Scraped caption text data
******

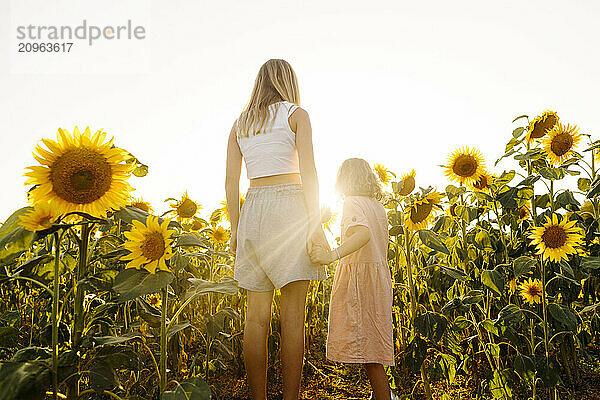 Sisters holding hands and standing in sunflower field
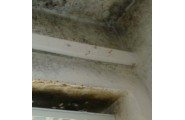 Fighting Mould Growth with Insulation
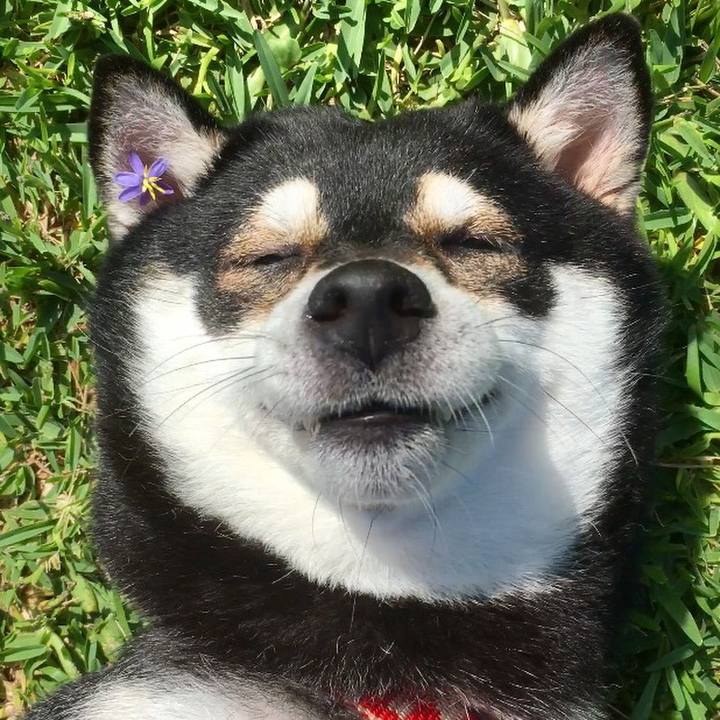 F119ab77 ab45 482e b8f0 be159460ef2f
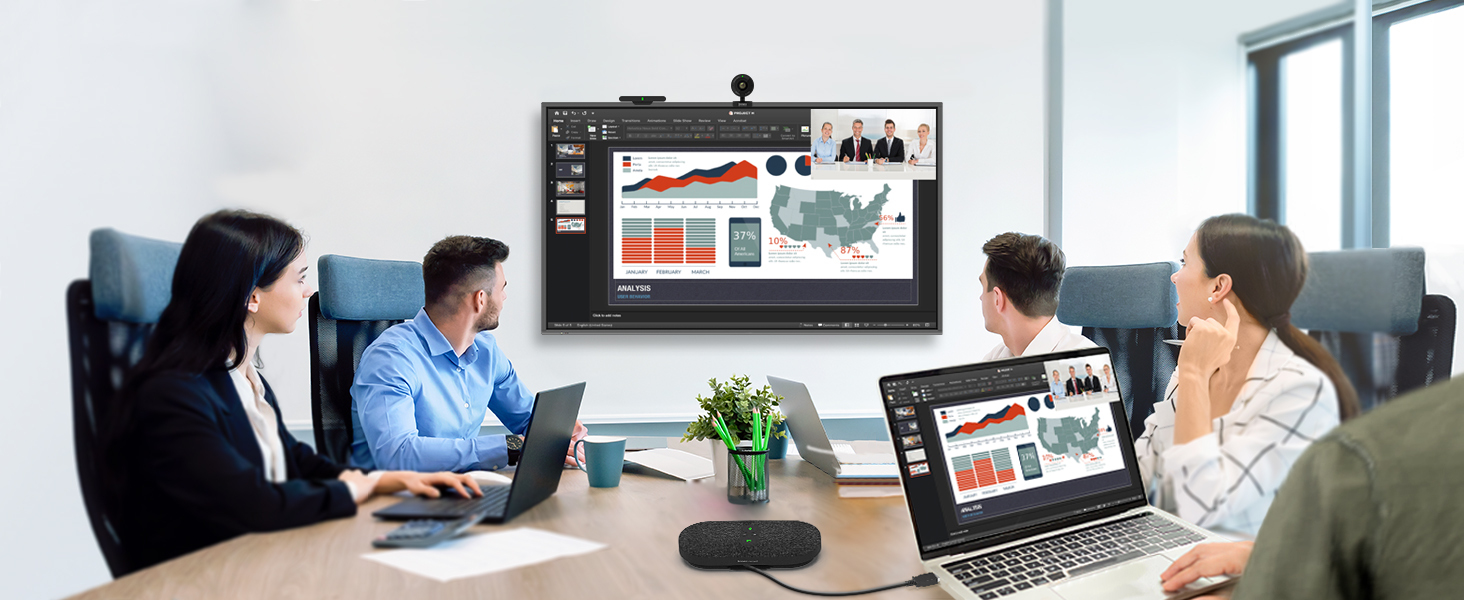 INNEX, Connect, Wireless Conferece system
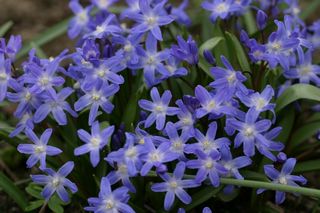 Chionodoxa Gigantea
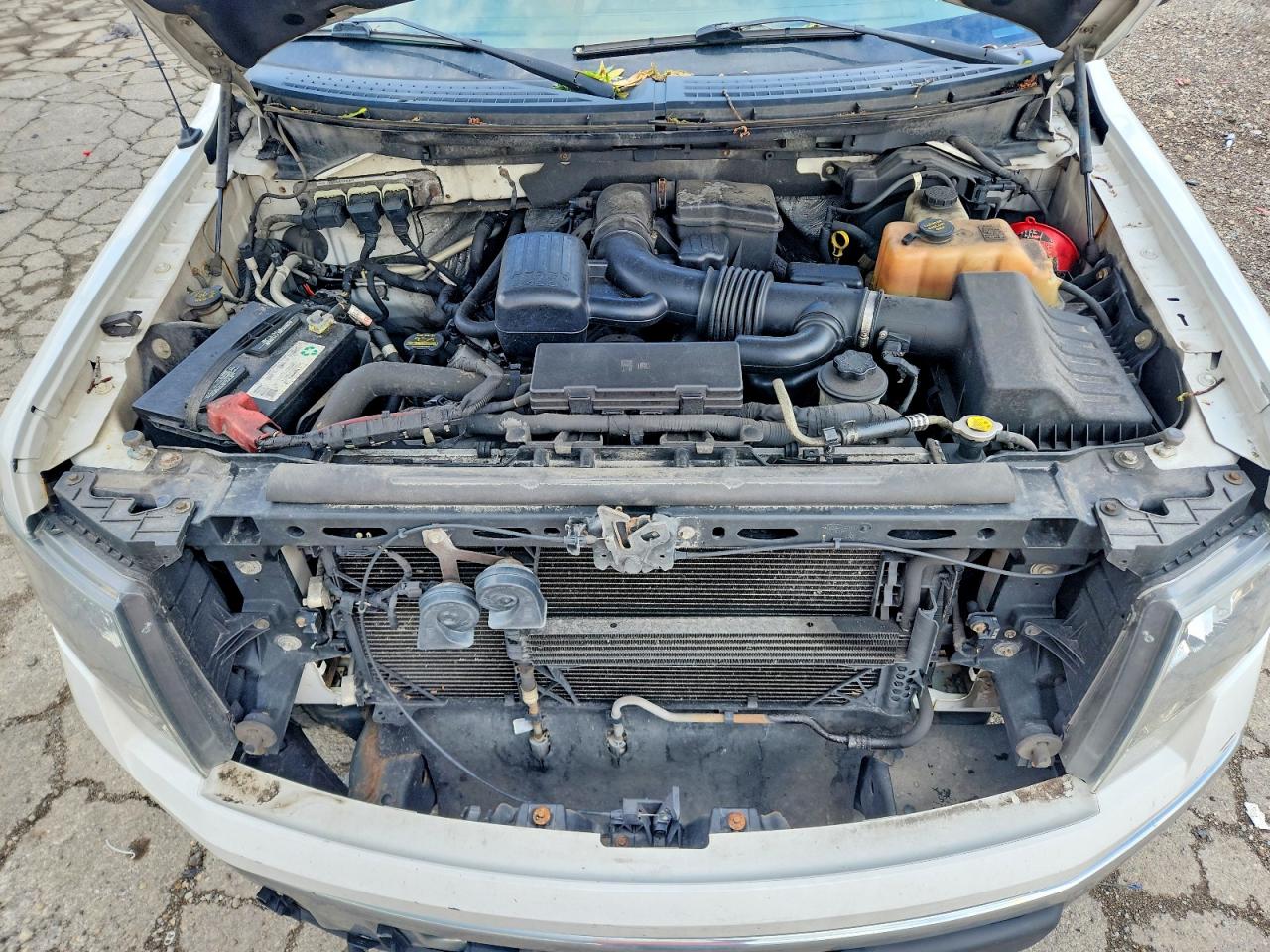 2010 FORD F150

******

Leaving out the pictures, output each line above exactly as it is.

**Exercise answer**
 Sisters holding hands and standing in sunflower field
 Fighting Mould Growth with Insulation
 F119ab77 ab45 482e b8f0 be159460ef2f
 INNEX, Connect, Wireless Conferece system
 Chionodoxa Gigantea
 2010 FORD F150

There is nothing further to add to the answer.